> TASK: For the material below, reproduce exactly each line from the one that has "142 Mountain Trace, Ellijay, GA 30540" through the one that has "Luxe 6 Bed Heated", and no others; pictures stay out.

--- DATA EXCERPTS ---

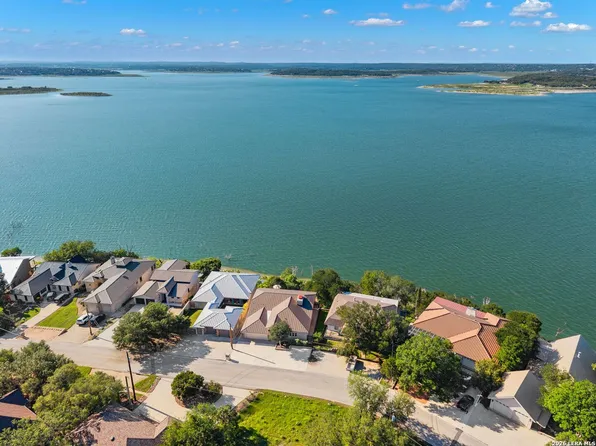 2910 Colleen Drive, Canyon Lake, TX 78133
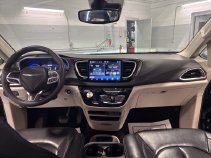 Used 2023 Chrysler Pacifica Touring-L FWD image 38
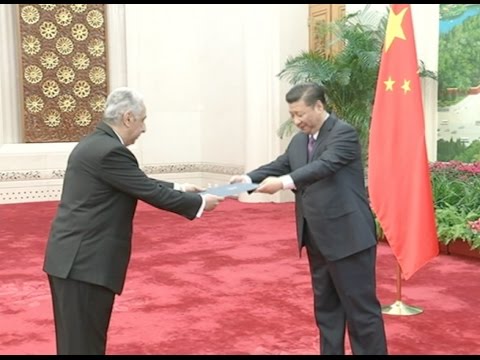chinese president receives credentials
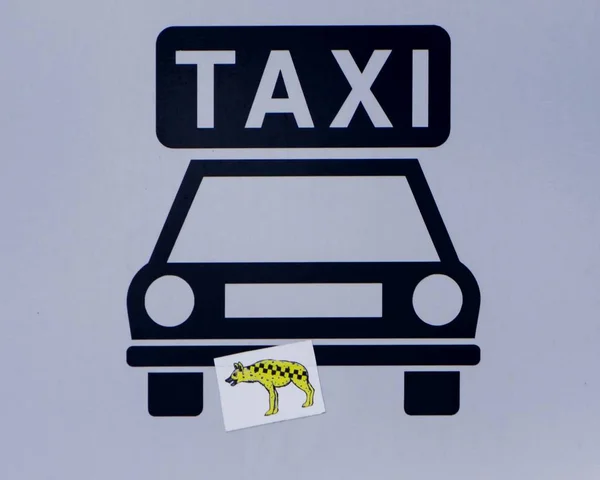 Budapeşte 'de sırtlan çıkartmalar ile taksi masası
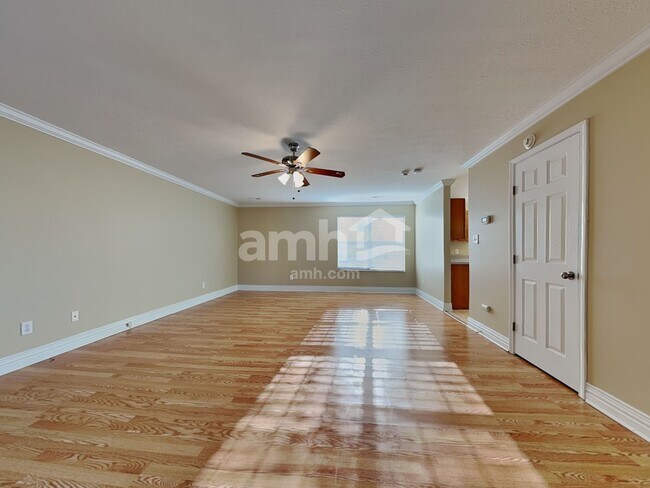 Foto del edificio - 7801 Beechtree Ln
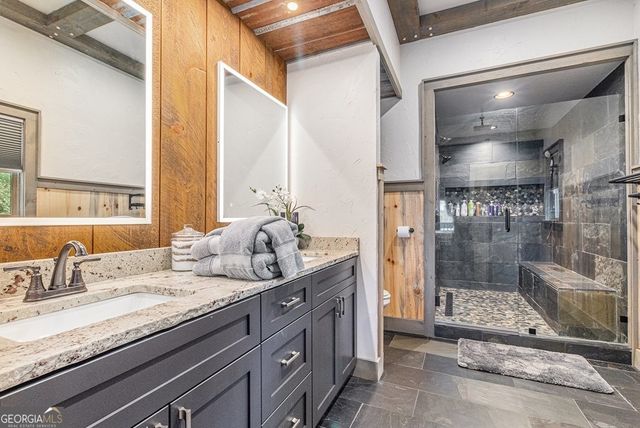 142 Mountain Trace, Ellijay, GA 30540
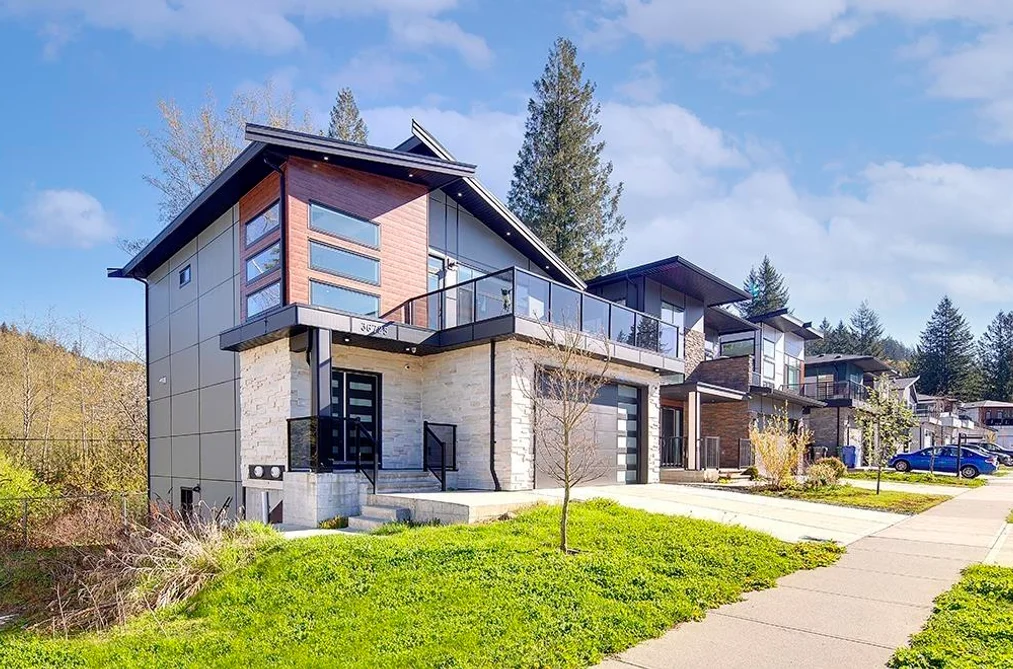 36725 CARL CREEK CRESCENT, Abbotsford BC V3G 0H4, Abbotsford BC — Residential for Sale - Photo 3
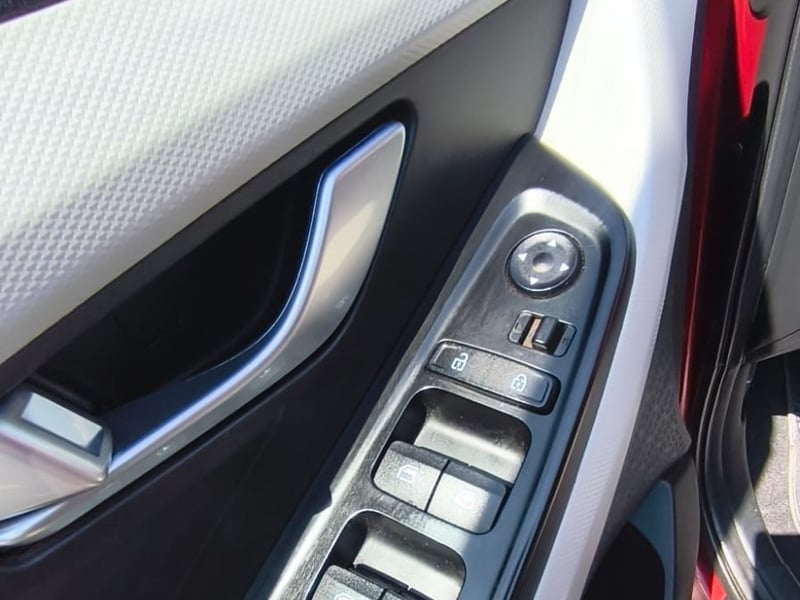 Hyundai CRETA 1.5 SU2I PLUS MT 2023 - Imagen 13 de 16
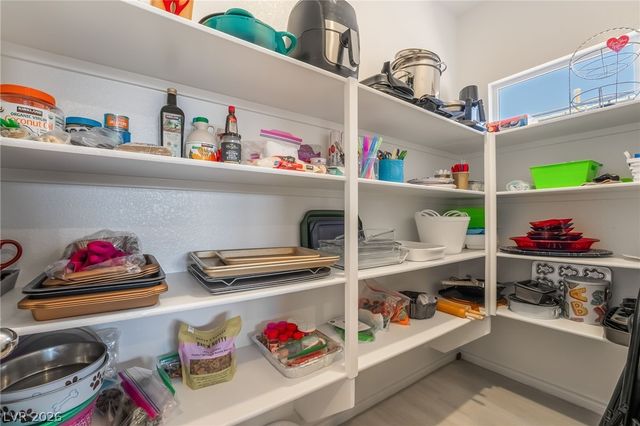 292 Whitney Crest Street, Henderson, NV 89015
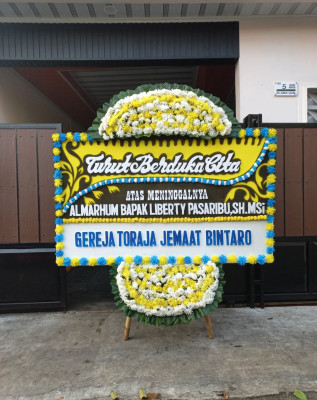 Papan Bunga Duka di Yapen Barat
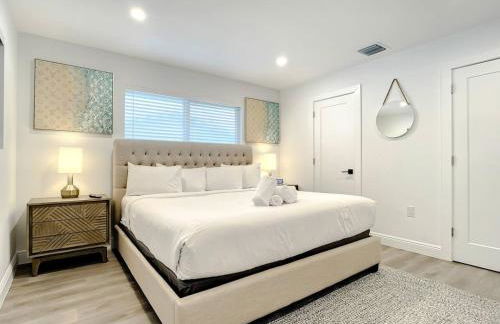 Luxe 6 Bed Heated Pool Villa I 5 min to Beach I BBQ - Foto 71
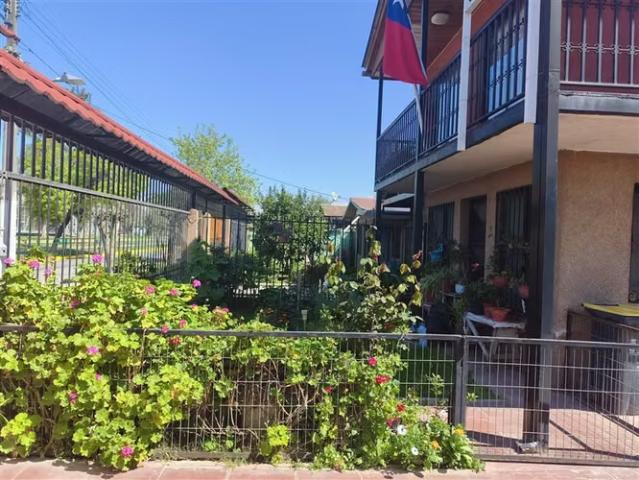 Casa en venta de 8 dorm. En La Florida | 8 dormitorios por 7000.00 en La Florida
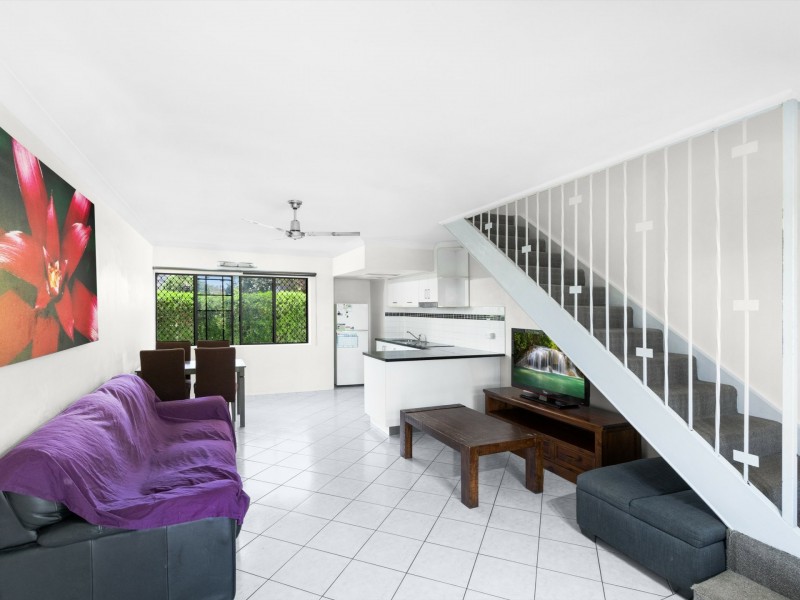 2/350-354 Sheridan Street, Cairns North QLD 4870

---

> SOLVED PROBLEM:
 142 Mountain Trace, Ellijay, GA 30540
 36725 CARL CREEK CRESCENT, Abbotsford BC V3G 0H4, Abbotsford BC — Residential for Sale - Photo 3
 Hyundai CRETA 1.5 SU2I PLUS MT 2023 - Imagen 13 de 16
 292 Whitney Crest Street, Henderson, NV 89015
 Papan Bunga Duka di Yapen Barat
 Luxe 6 Bed Heated Pool Villa I 5 min to Beach I BBQ - Foto 71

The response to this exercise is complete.